Short text fragments from websites
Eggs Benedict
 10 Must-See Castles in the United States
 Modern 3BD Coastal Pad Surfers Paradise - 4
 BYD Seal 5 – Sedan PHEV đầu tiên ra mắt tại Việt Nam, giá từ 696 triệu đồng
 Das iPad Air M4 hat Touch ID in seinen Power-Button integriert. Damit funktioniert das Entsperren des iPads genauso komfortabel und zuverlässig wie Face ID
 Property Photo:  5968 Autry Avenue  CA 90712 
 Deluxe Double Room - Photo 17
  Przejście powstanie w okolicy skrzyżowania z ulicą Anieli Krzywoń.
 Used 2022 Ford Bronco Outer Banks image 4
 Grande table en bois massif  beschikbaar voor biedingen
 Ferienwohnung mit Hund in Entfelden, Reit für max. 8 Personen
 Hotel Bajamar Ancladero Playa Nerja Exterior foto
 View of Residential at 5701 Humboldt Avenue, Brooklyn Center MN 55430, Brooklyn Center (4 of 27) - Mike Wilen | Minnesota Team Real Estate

▶ [Assignment]:
Whenever a line above includes the string "Photo", copy it.

▶ [Exercise output]:
 Property Photo:  5968 Autry Avenue  CA 90712 
 Deluxe Double Room - Photo 17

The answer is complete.